Description of the task
Copy the records below exactly, omitting any pictures they contain.

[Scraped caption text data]

┄┄┄┄┄┄┄┄┄┄┄┄┄┄┄┄┄┄┄┄

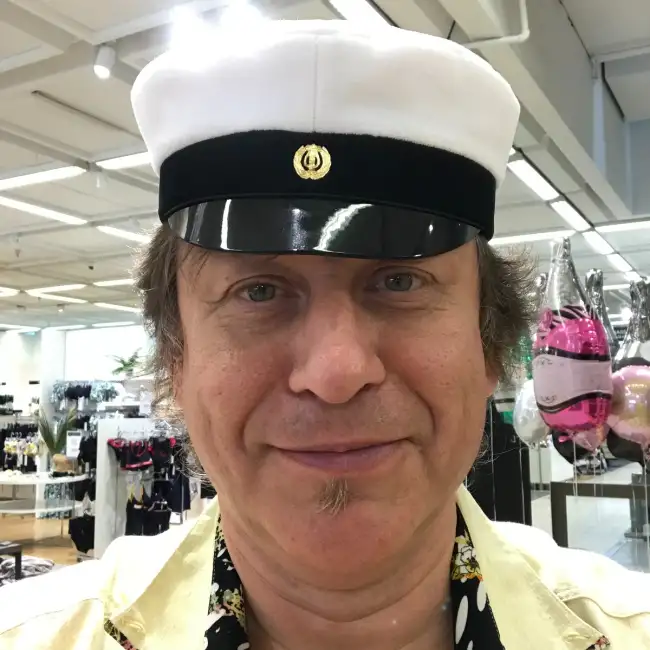 Victor, 60, Turku, Finland - MazelMe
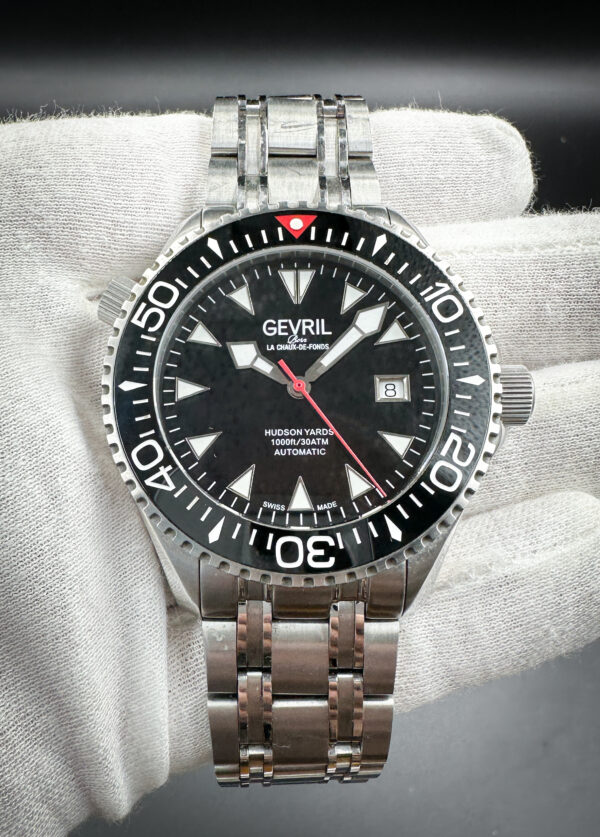 Gevril Hudson Yards 48800 in a 43mm stainless steel case and ceramic bezel, featuring the SW200-1 automatic movement. This Gevril includes the outer box, inner case, instruction booklet, hang-tags, and open warranty cards.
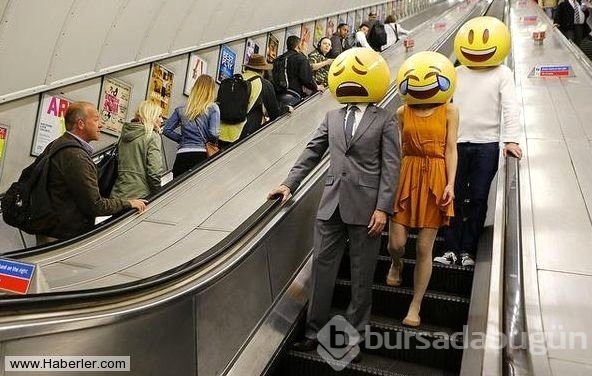 Neden emoji hastası olduk?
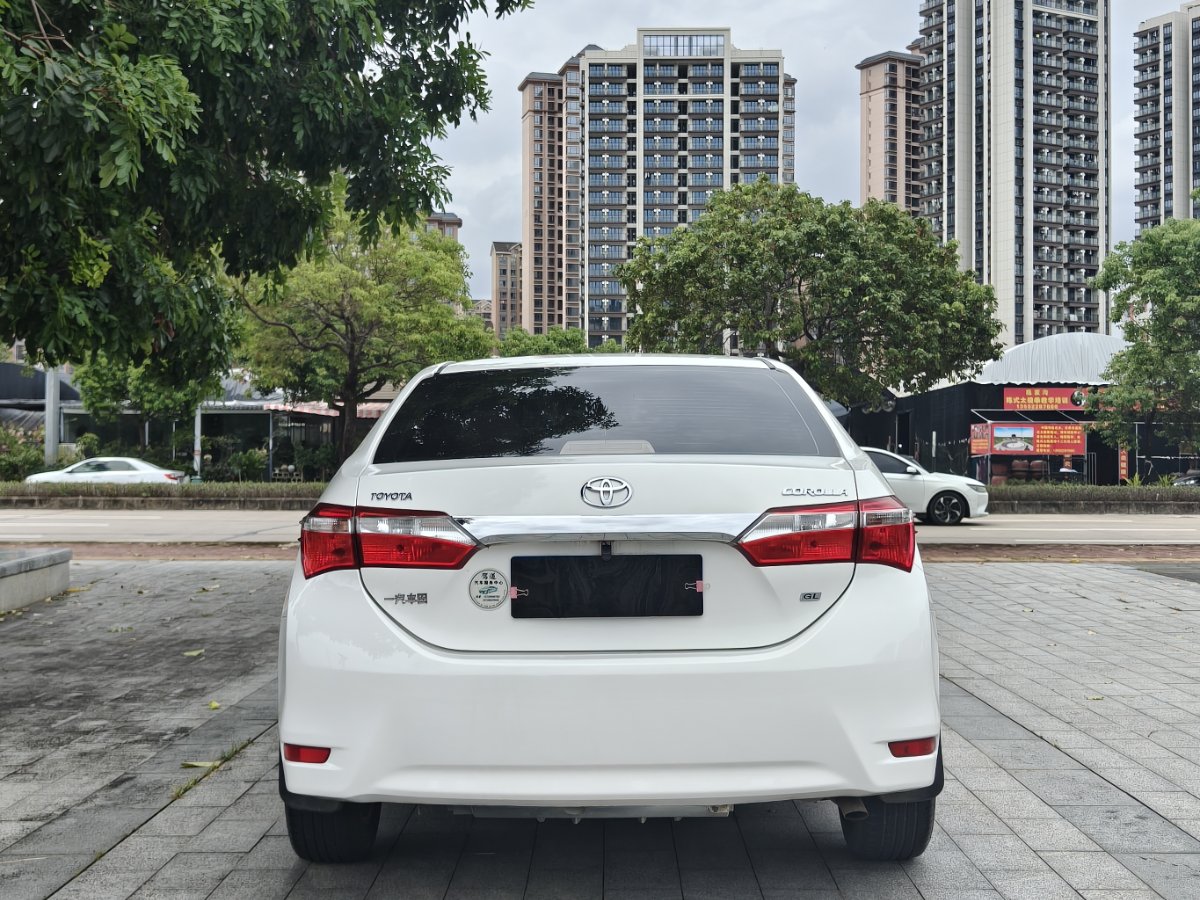 2015 car image #8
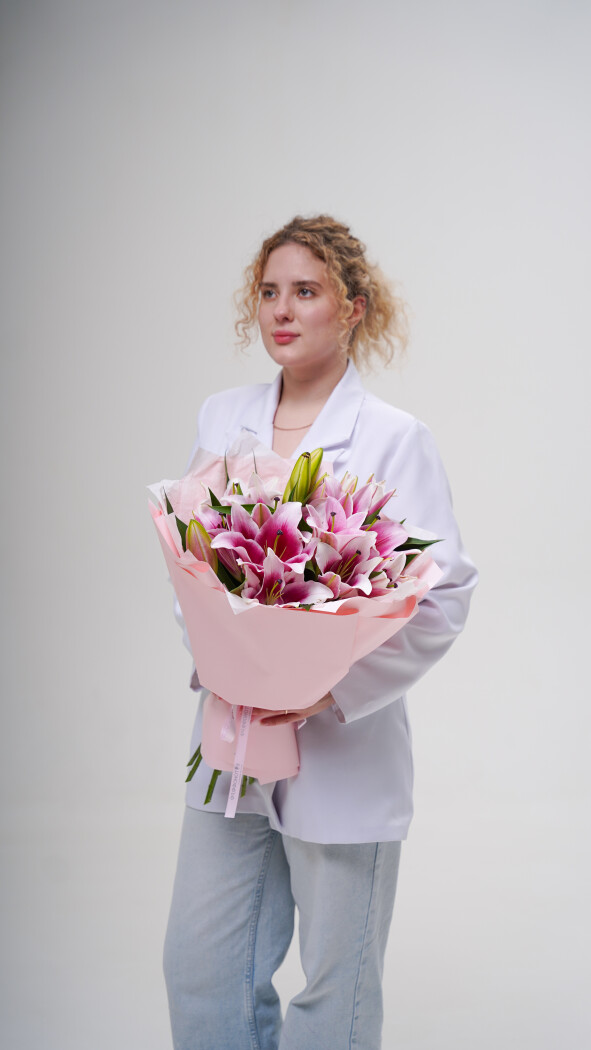 7 розовых лилий в оформлении №181
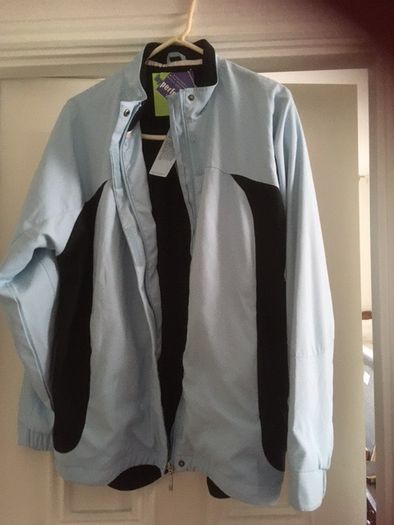 Size medium Ping, Ladies golf waterproof  suit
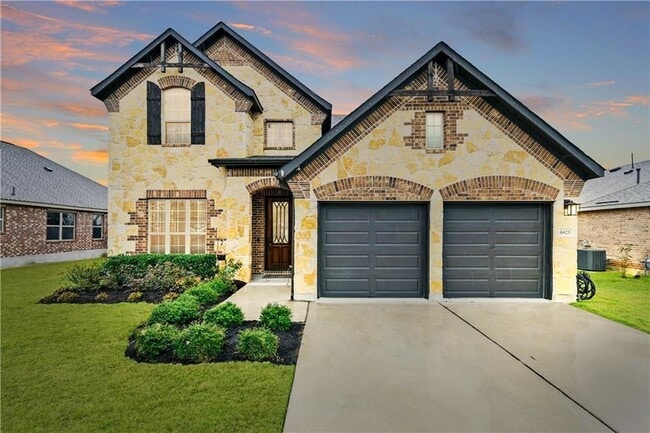 property at 6825 Leonardo Dr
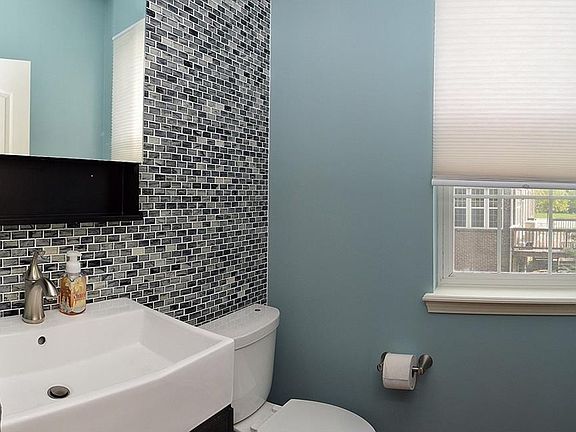 4th image of 8256 Sweetclover Dr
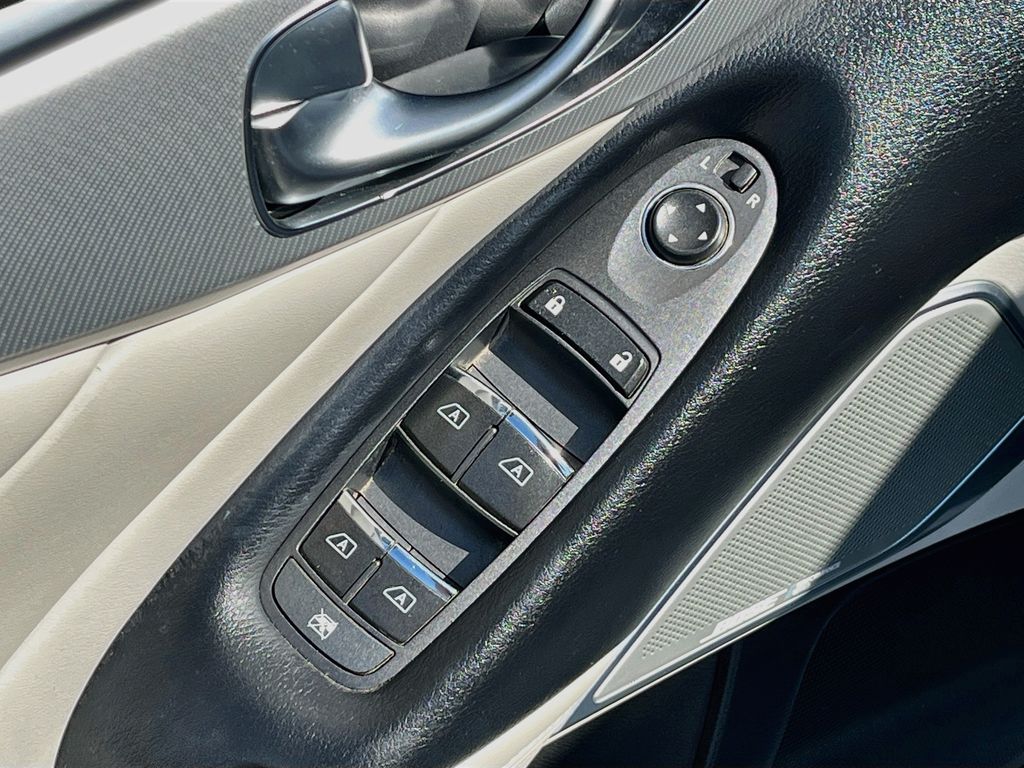 2022 INFINITI Q50 LUXE White at AutoSavvy Houston Northwest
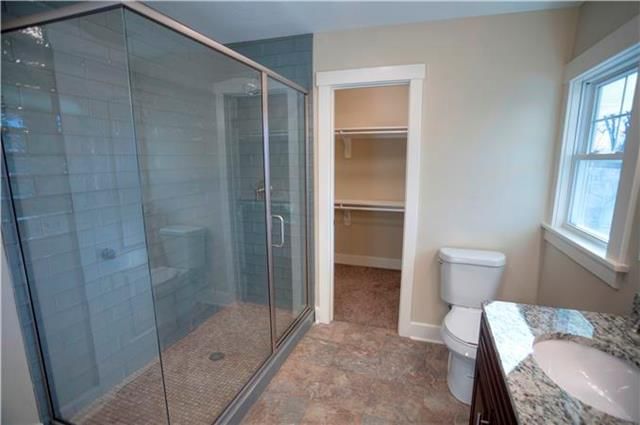 615 W 59TH Terrace — photo 13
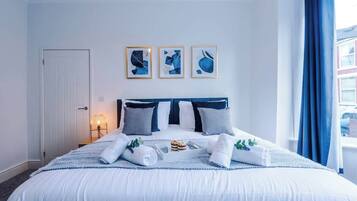 4 Schlafzimmer, Bügeleisen/Bügelbrett, Reisekinderbett, WLAN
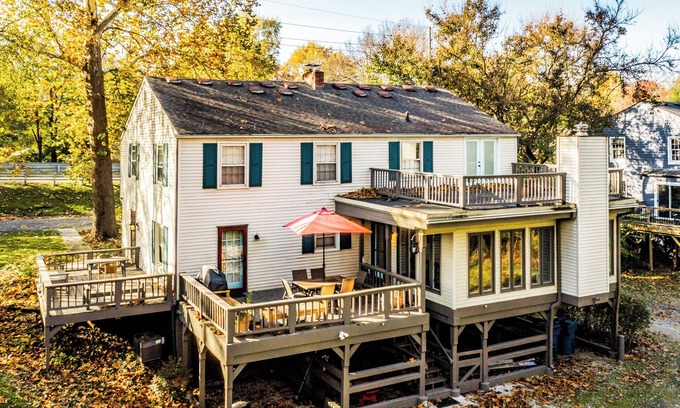 Indianapolis Casa | Peaceful Getaway Scenic Park & River Views in the heart of Broad Ripple Village!
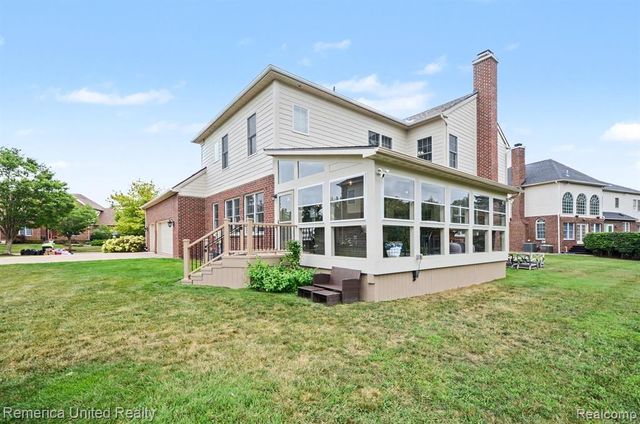26455 Glenwood Drive, Novi, MI 48374
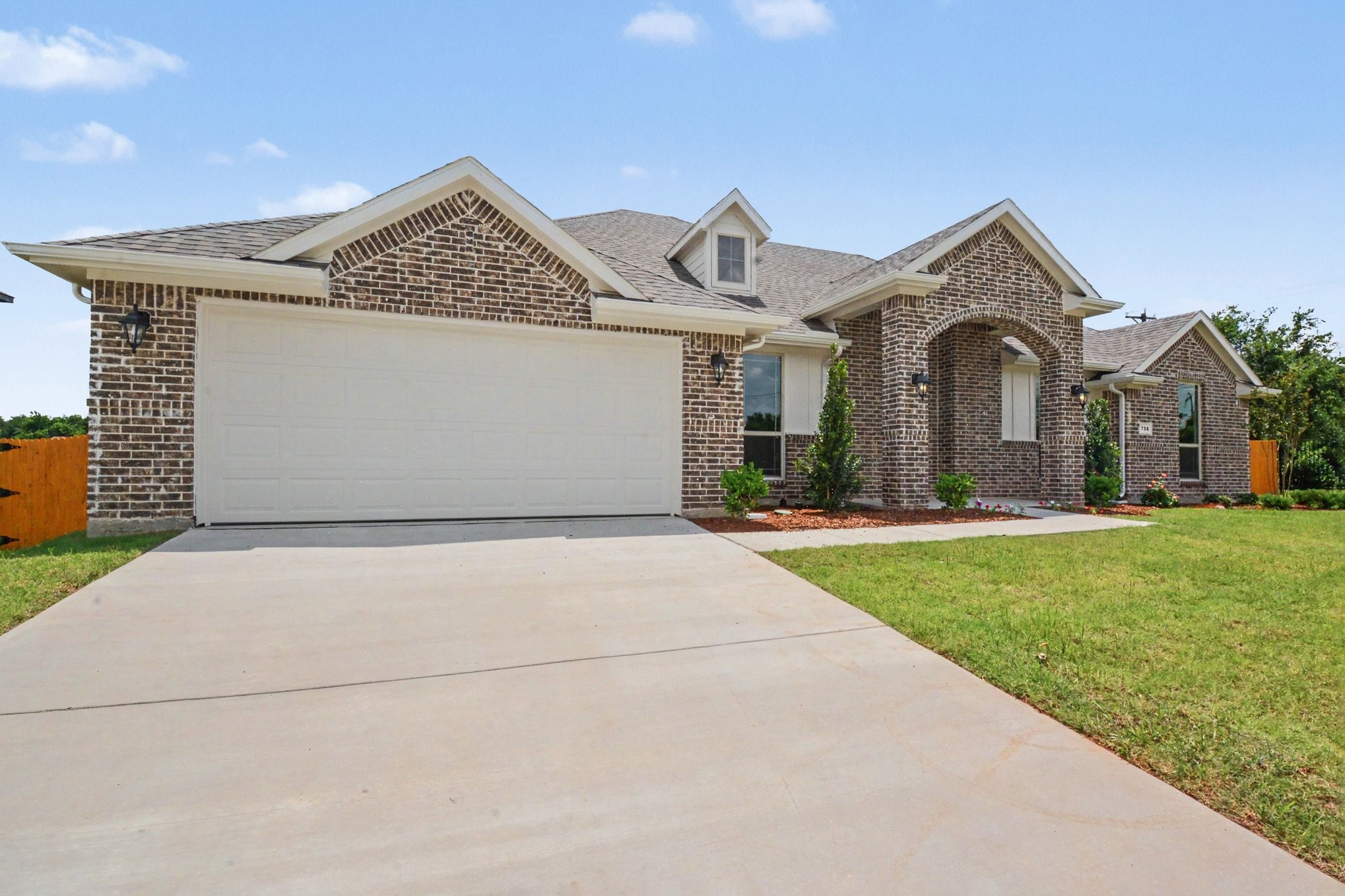 736 Candace Drive Desoto TX 75115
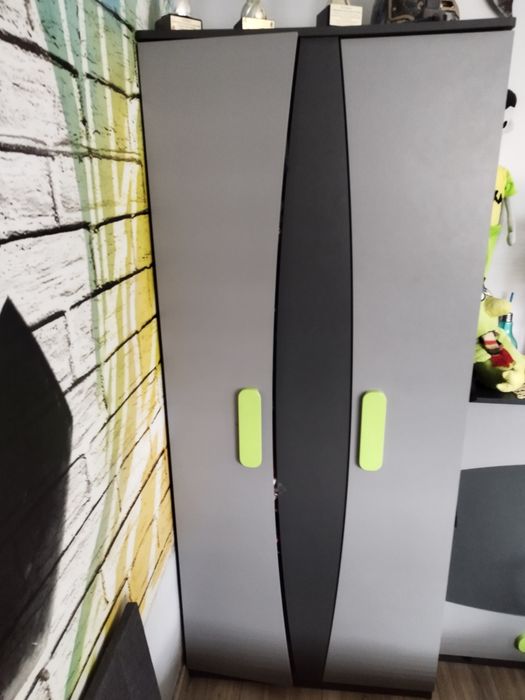 Meble młodzieżowe za kawę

┄┄┄┄┄┄┄┄┄┄┄┄┄┄┄┄┄┄┄┄

Your response
 Victor, 60, Turku, Finland - MazelMe
 Gevril Hudson Yards 48800 in a 43mm stainless steel case and ceramic bezel, featuring the SW200-1 automatic movement. This Gevril includes the outer box, inner case, instruction booklet, hang-tags, and open warranty cards.
 Neden emoji hastası olduk?
 2015 car image #8
 7 розовых лилий в оформлении №181
 Size medium Ping, Ladies golf waterproof  suit
 property at 6825 Leonardo Dr
 4th image of 8256 Sweetclover Dr
 2022 INFINITI Q50 LUXE White at AutoSavvy Houston Northwest
 615 W 59TH Terrace — photo 13
 4 Schlafzimmer, Bügeleisen/Bügelbrett, Reisekinderbett, WLAN
 Indianapolis Casa | Peaceful Getaway Scenic Park & River Views in the heart of Broad Ripple Village!
26455 Glenwood Drive, Novi, MI 48374
 736 Candace Drive Desoto TX 75115
 Meble młodzieżowe za kawę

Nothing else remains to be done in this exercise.